I randomly opened RecentChanges page on enwiki and this is what I saw:
http://img.ctrlv.in/img/15/03/06/54f9d5645eb03.png from 50 edits, at
least 8 were automated, just as much interesting as any regular bot
edit.
It usually is even worse, anyway as you can see about 20% of all edits
you can see now in recent changes are automated "bot-like" edits made
by humans. When I enable "show bots" from 50 edits I see 1 edit made
by a bot. From simple observing of recent changes you will see that
bots are producing far less edits than users with automated tools.
Still bots are problem that needs to be filtered out, while these
users are not?
This was originally my point. I don't really care if we just extend
bot flag for regular users as well, or if we create a new flag, but we
should do something about this.

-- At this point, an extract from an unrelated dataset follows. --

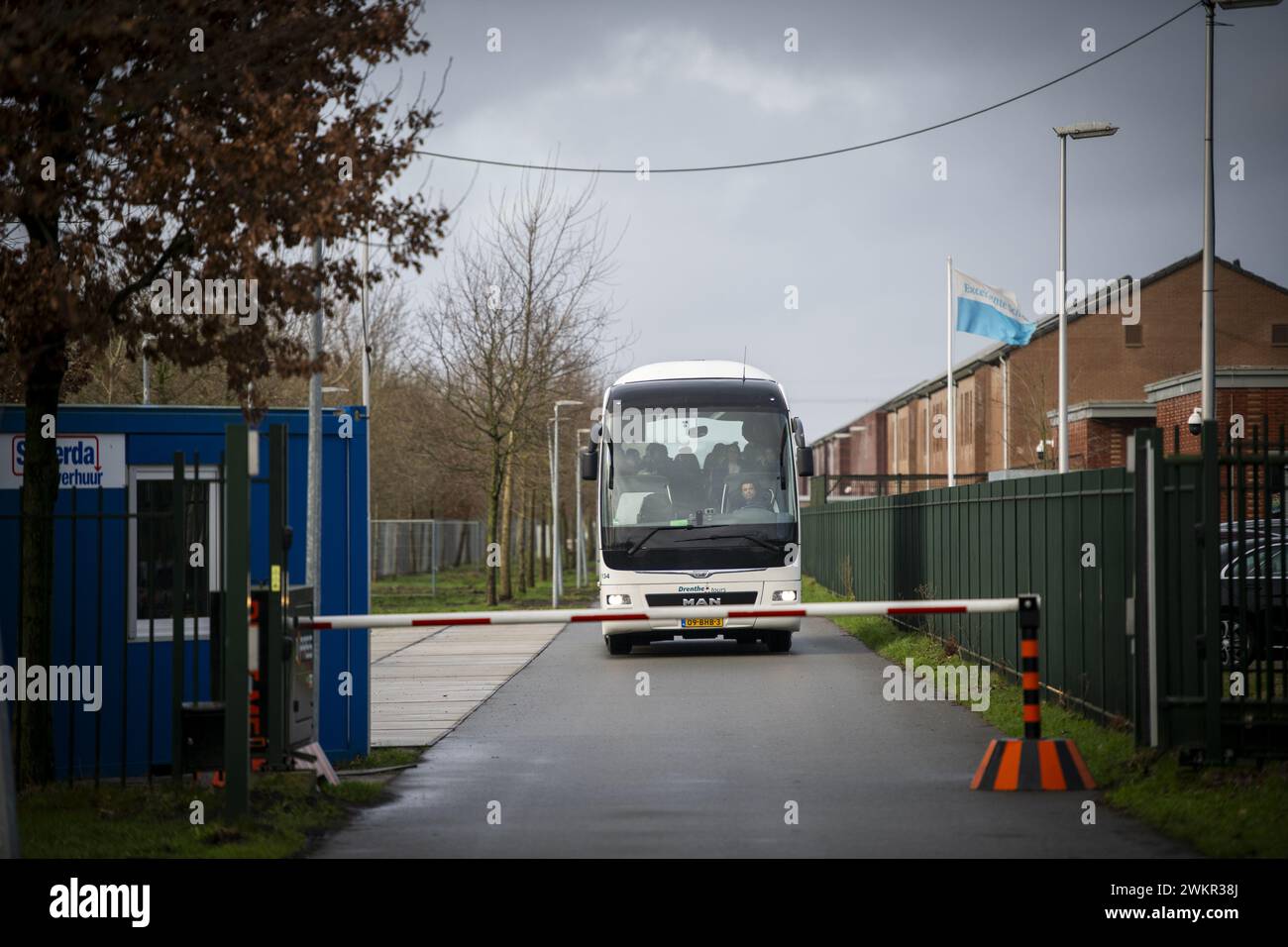 TER APEL - ein Bus mit Asylbewerbern fährt vom COA-Empfangszentrum ab. Die Höchstzahl der Asylbewerber, die sich im Zentrum aufhalten dürfen, beträgt 2.000. Für jeden Tag, an dem dieser Wert überschritten wird, wird das COA eine Strafe von 15.000 Euro verhängen. ANP JILMER POSTMA niederlande aus - belgien aus Stockfoto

It would definitely make life of many
users easiers, especially those who actively review the contributions
of others.
On Fri, Mar 6, 2015 at 5:13 PM, Brad Jorsch (Anomie)
<bjorsch(a)wikimedia.org> wrote:
<Note this reply is written with my enwiki
community member hat on, and in
no way represents anything official>
On Fri, Mar 6, 2015 at 5:19 AM, Ricordisamoa <ricordisamoa(a)openmailbox.org>
wrote:
It is complex and bureaucratic on the English
Wikipedia, i.e., less than
1/890 of the projects.
I note that enwiki's process for receiving the bot flag and rules around
bot editing are "complex and bureaucratic" in large part because what one
person thinks is an obvious fix that no one could object to (e.g.
"==Section==" versus "== Section ==") turns out result in a huge
outcry
when a bot is doing it all over the place.
The idea is that the review process (which is basically just having one of
a list of experienced bot operators look over the proposal for problems,
then review some sample edits) will hopefully catch problems before they
become a big deal, and the rules make it easier to stop for (hopefully)
calm discussion rather than arguing while perceived disruption continues.
Instead, I think bots are easily tricked by edge cases, whereas human
intervention usually decreases the chance of
mistakes.
On the other hand, a tool may be more aggressive with proposing changes
that would be fooled by edge cases while relying on the human to fix it
before submitting. Even if the tool is not being more aggressive, the human
is vulnerable to missing an error through inattention or through
misunderstanding their responsibility and blindly clicking "approve".